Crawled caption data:
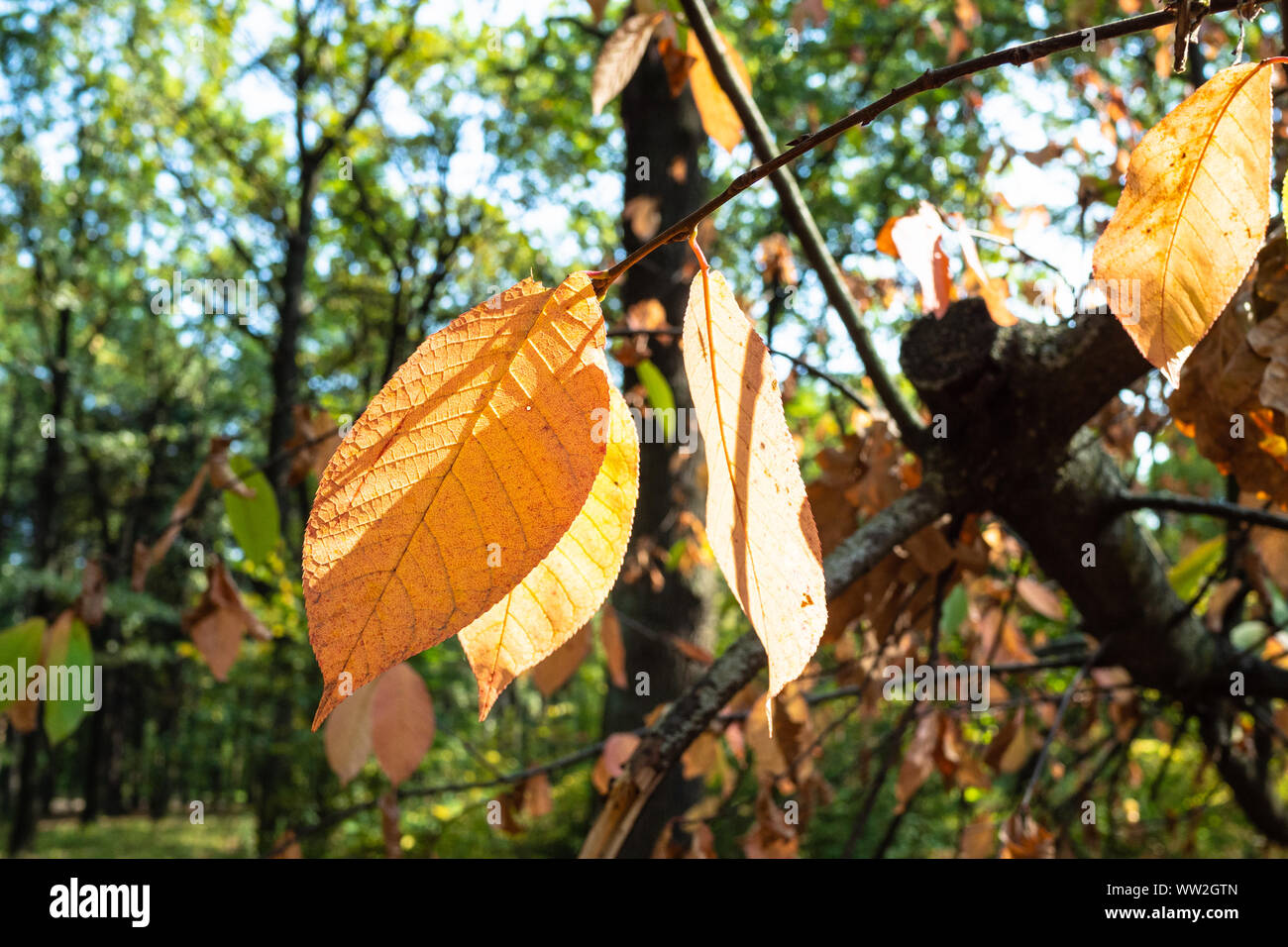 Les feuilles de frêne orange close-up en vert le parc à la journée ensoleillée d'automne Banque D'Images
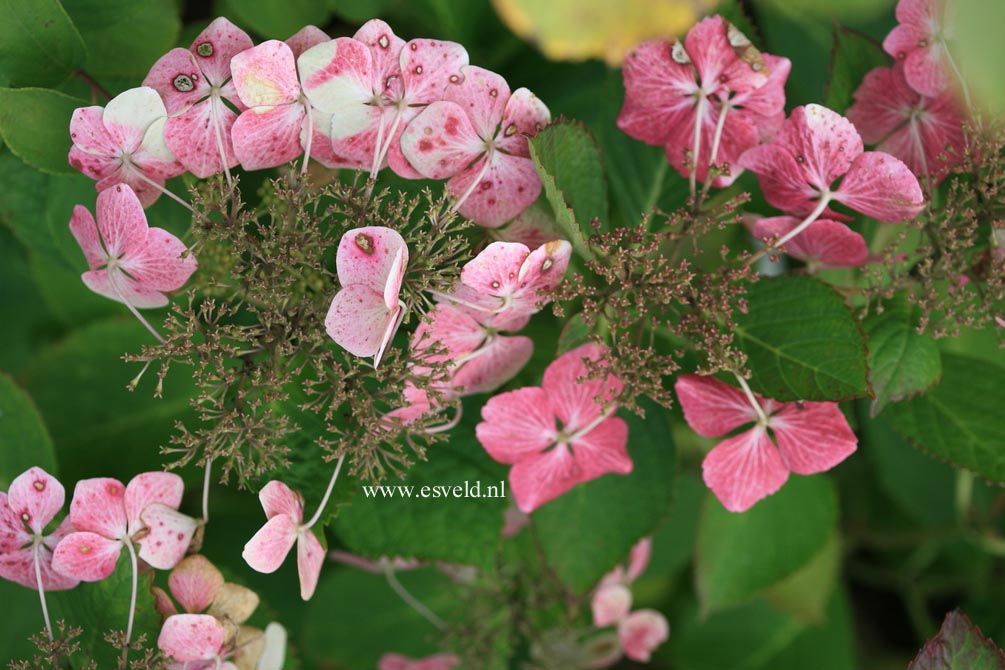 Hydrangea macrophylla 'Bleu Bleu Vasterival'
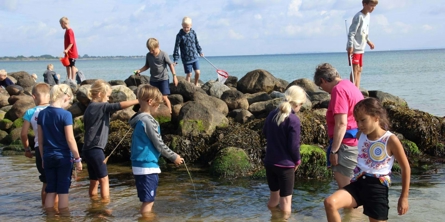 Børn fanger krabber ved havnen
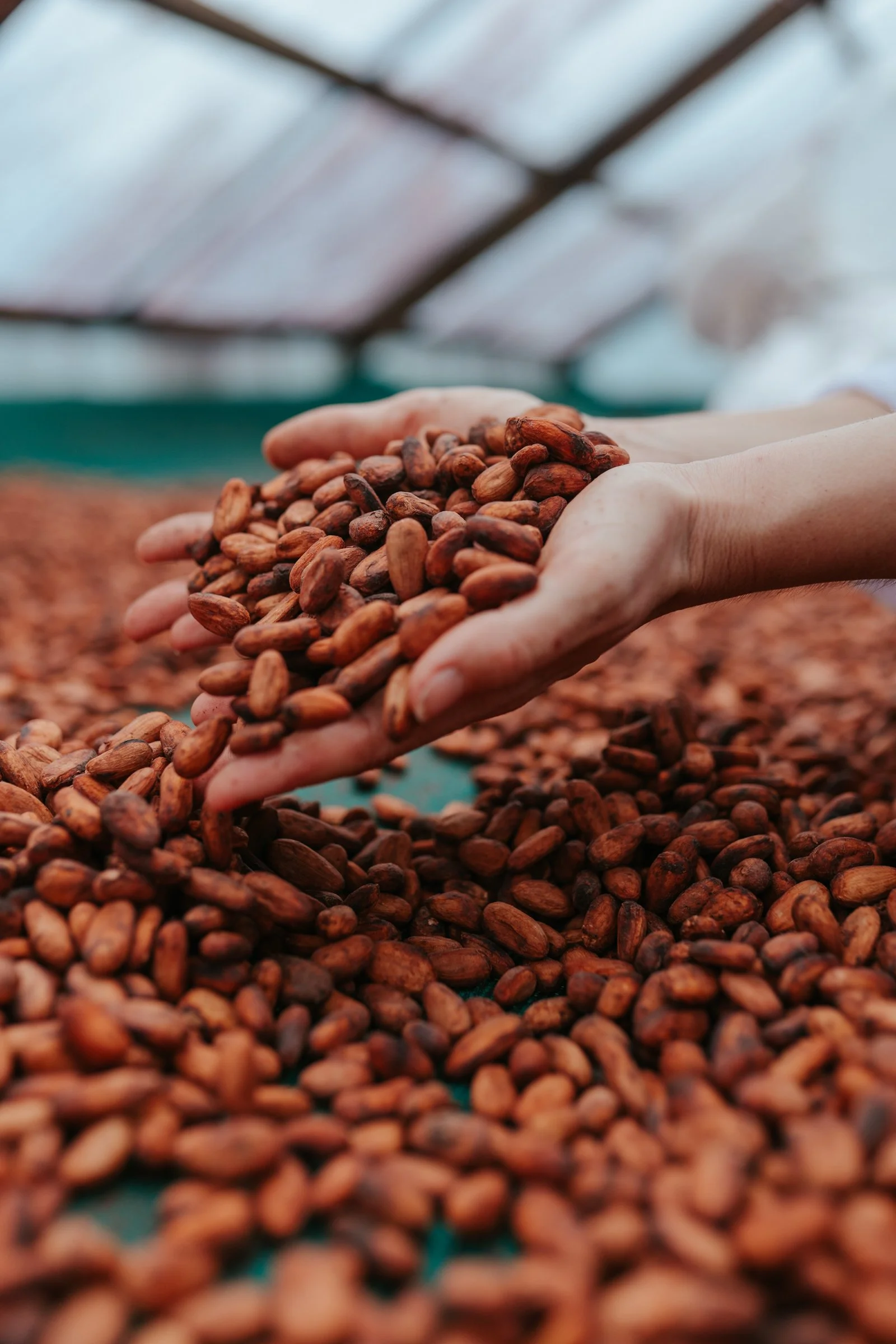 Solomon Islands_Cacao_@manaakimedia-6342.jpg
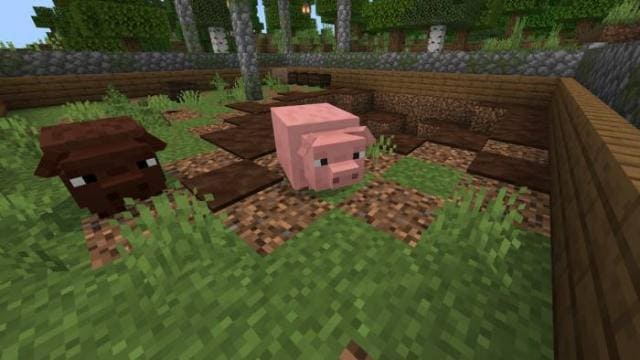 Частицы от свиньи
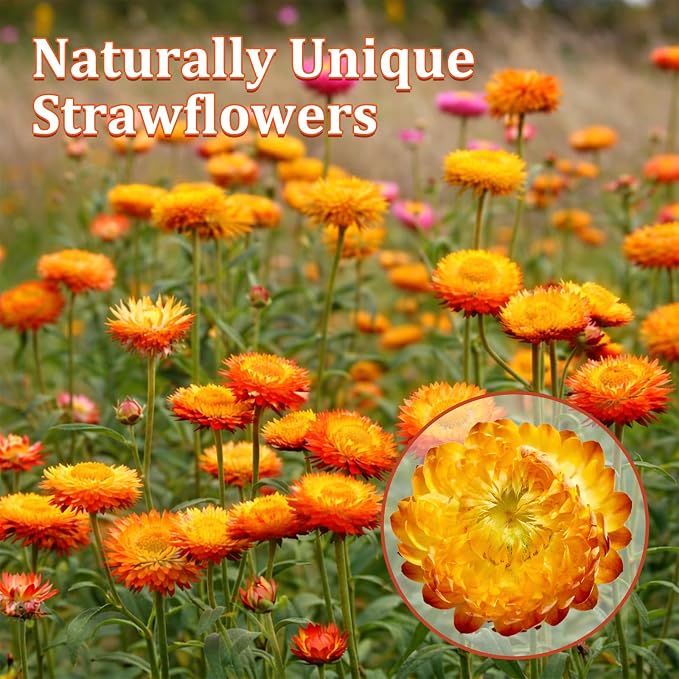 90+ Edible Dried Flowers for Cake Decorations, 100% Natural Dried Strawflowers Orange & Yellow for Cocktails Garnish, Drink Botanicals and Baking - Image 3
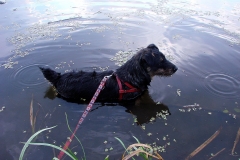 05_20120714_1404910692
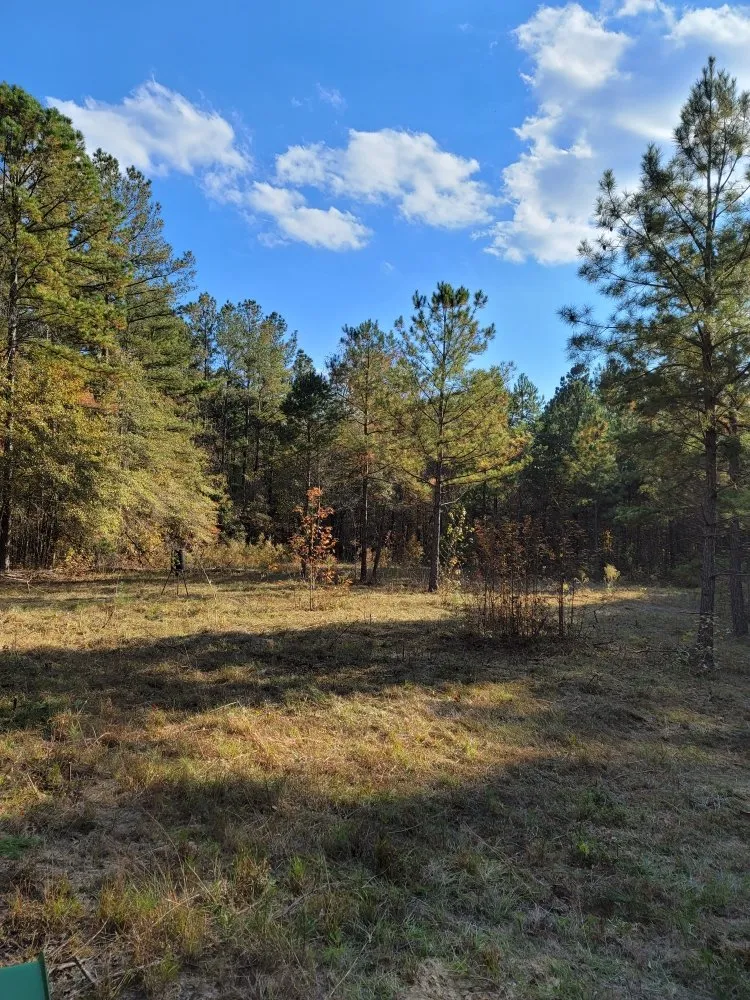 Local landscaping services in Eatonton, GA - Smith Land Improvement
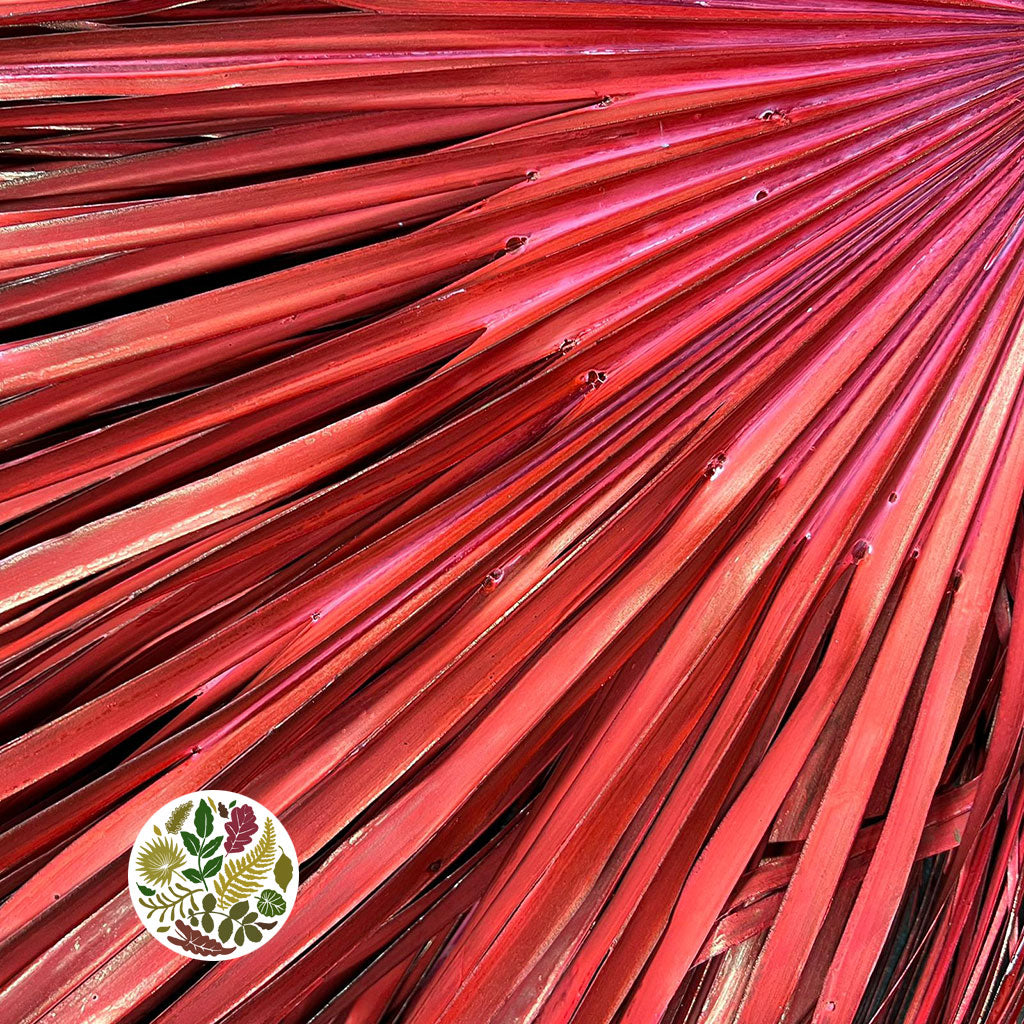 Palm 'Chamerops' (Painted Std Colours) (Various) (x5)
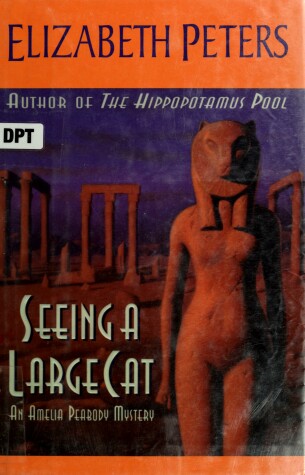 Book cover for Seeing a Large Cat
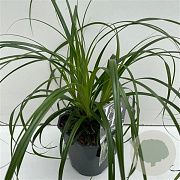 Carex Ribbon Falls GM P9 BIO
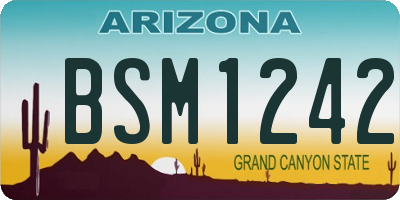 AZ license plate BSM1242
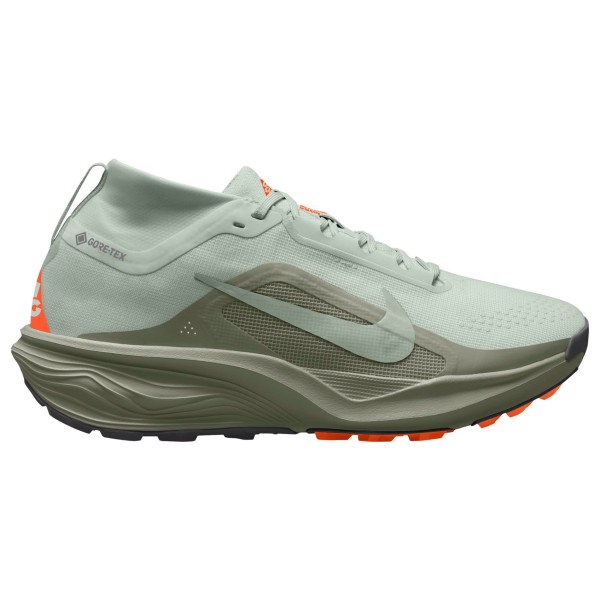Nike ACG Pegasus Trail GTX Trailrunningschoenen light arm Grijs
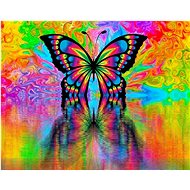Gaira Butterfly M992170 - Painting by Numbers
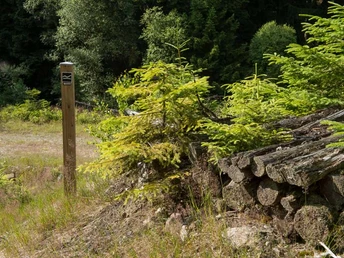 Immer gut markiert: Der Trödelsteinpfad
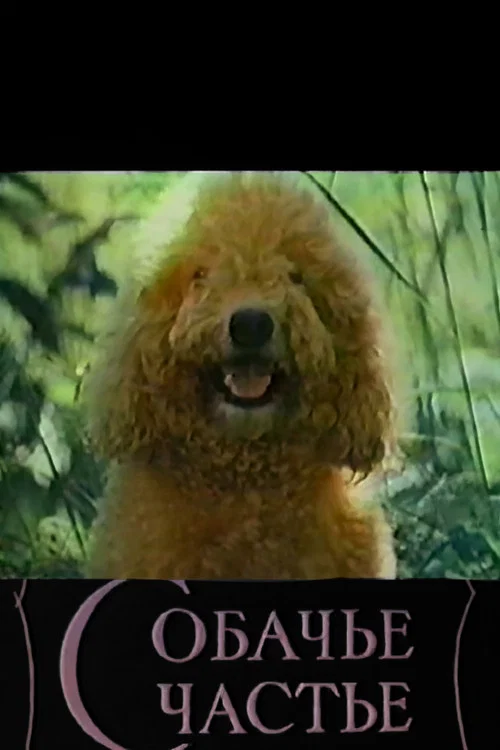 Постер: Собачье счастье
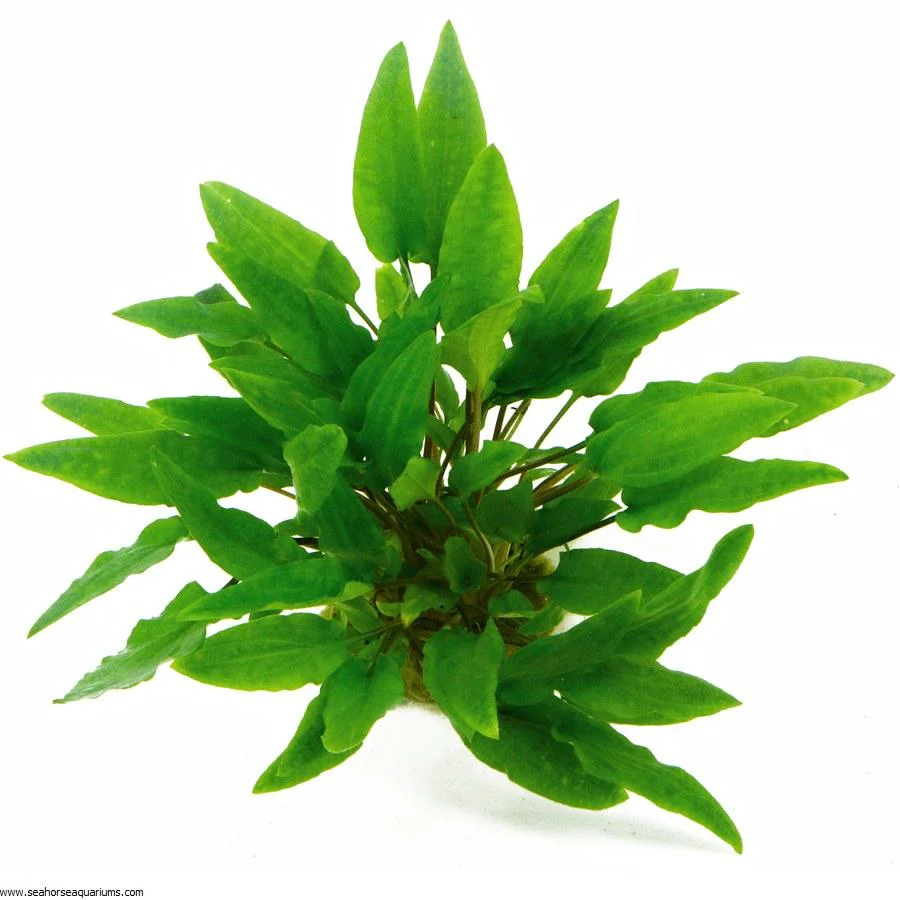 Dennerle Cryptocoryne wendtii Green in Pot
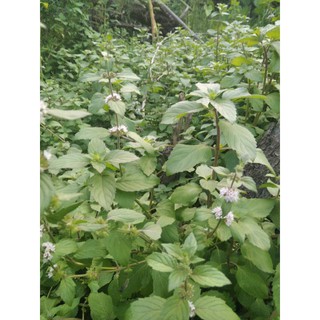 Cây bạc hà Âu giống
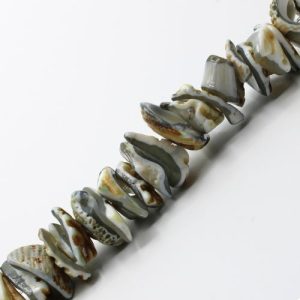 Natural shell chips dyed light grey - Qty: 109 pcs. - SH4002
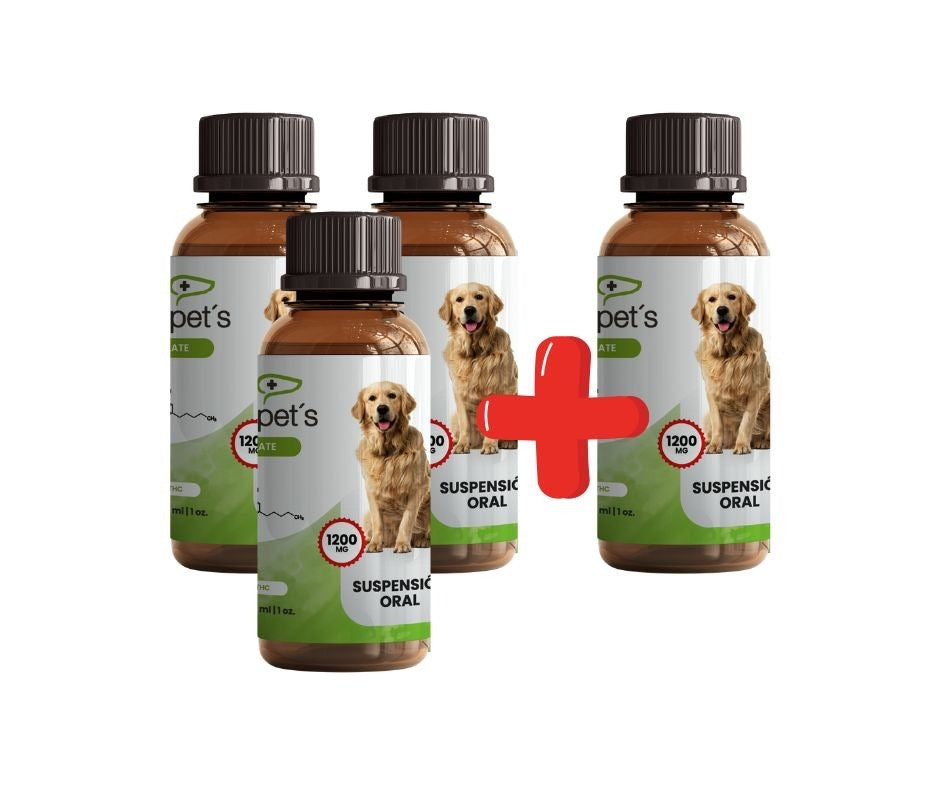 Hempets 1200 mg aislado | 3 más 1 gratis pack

PROBLEM: Retype, please, exactly the lines that begin with the one containing "Immer gut markiert: Der Trödelsteinpfad" and end at the last line of the entries above, both included, leaving out pictures.

TASK OUTPUT:
 Immer gut markiert: Der Trödelsteinpfad
 Постер: Собачье счастье
 Dennerle Cryptocoryne wendtii Green in Pot
 Cây bạc hà Âu giống
 Natural shell chips dyed light grey - Qty: 109 pcs. - SH4002
 Hempets 1200 mg aislado | 3 más 1 gratis pack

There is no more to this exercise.